◆ Source material
== Segment start ==

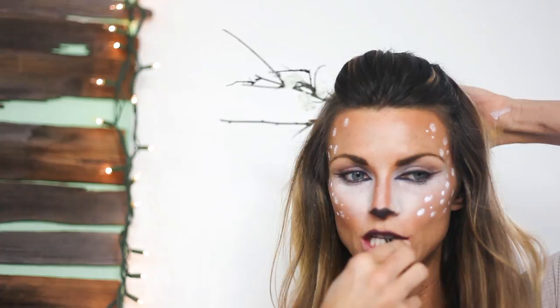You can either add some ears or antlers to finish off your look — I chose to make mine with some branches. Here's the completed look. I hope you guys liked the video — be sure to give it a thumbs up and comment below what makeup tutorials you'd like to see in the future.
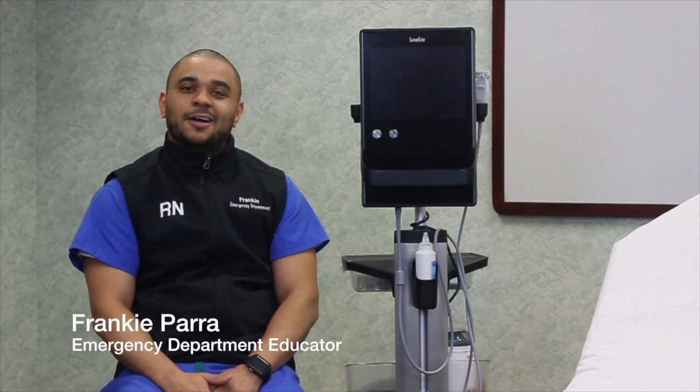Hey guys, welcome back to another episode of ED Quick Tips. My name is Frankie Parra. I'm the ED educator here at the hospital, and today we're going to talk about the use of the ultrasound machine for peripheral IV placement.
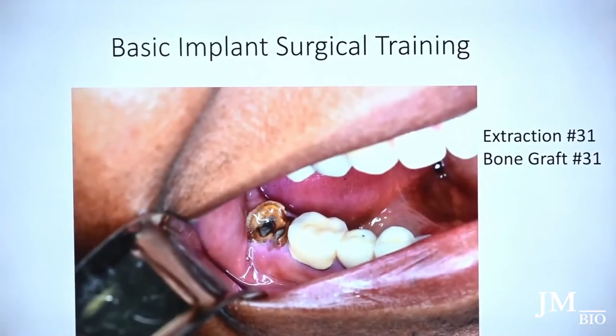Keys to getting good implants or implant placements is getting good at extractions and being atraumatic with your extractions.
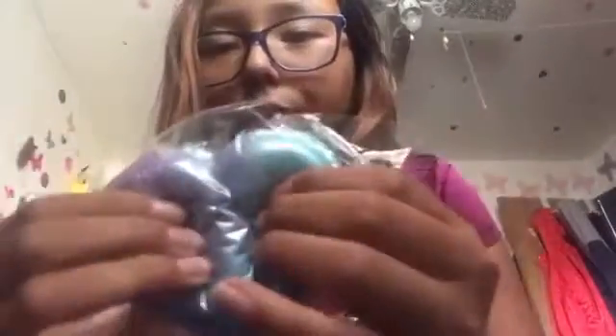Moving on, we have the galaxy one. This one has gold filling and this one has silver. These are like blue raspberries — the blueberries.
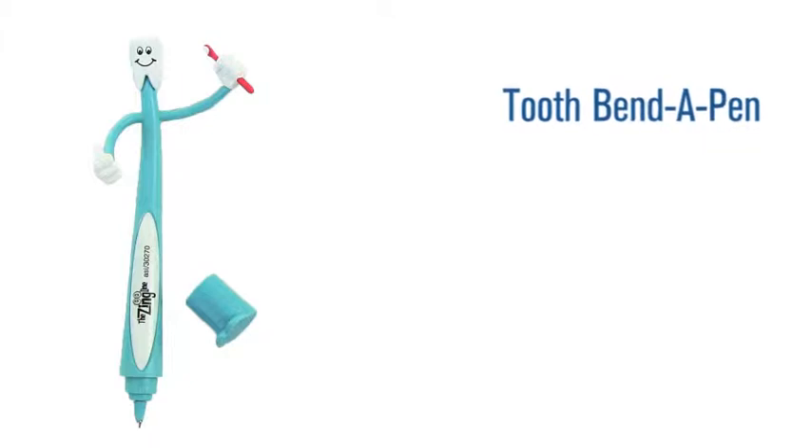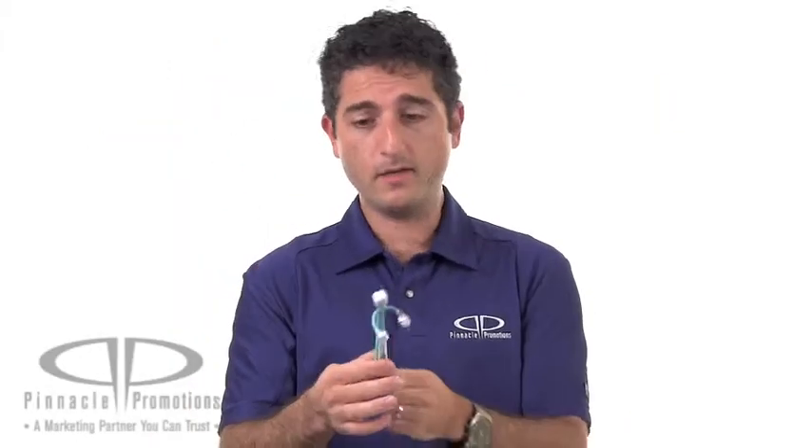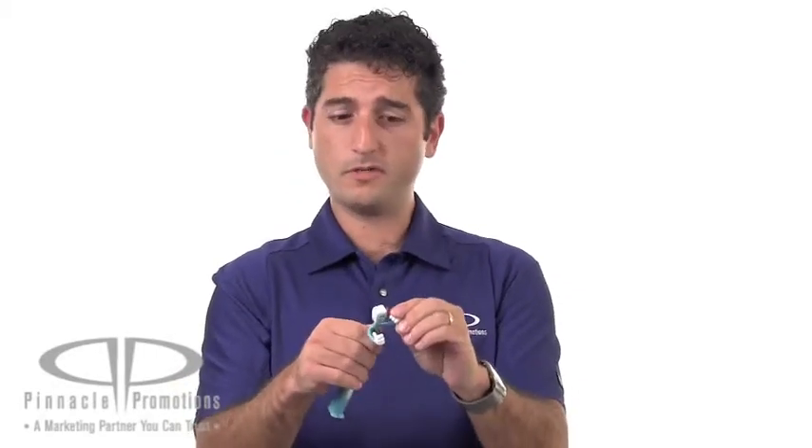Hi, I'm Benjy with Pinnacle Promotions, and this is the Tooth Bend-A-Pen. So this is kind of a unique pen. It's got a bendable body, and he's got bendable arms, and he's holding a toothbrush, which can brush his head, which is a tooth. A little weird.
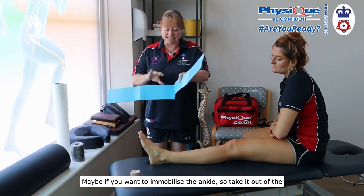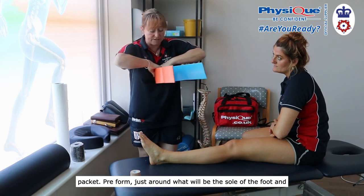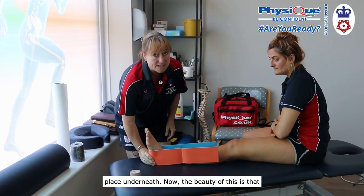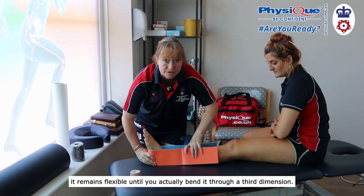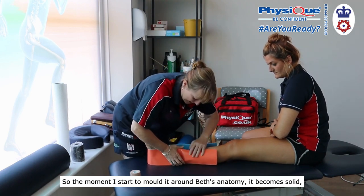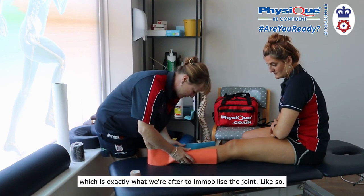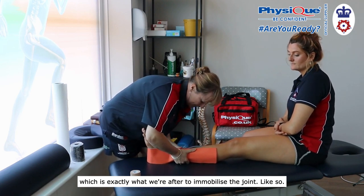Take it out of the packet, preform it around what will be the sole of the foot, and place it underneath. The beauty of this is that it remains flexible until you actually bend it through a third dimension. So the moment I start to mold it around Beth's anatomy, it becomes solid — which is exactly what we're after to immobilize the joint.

== Segment end ==
== Segment start ==

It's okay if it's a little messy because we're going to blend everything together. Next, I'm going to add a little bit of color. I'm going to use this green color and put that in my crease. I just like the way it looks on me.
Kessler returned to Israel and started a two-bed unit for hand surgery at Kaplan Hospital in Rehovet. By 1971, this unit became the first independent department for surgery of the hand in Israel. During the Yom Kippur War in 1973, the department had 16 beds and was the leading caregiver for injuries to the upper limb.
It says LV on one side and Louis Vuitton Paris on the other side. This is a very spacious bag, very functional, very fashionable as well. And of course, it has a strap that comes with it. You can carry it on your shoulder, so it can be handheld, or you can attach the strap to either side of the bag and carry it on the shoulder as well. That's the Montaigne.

== Segment end ==
== Segment start ==

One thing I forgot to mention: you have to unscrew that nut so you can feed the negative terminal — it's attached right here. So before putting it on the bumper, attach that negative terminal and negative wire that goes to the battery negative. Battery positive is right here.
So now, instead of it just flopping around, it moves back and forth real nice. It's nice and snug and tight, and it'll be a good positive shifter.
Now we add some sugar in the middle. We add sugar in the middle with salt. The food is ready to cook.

== Segment end ==

◆ Exercise aim
Exactly as written above, retype the lines starting at the one holding "Keys to getting" and ending at the one holding "Hi, I'm Benjy", both included, but not the pictures.

◆ Exercise result
Keys to getting good implants or implant placements is getting good at extractions and being atraumatic with your extractions.
Moving on, we have the galaxy one. This one has gold filling and this one has silver. These are like blue raspberries — the blueberries.
Hi, I'm Benjy with Pinnacle Promotions, and this is the Tooth Bend-A-Pen. So this is kind of a unique pen. It's got a bendable body, and he's got bendable arms, and he's holding a toothbrush, which can brush his head, which is a tooth. A little weird.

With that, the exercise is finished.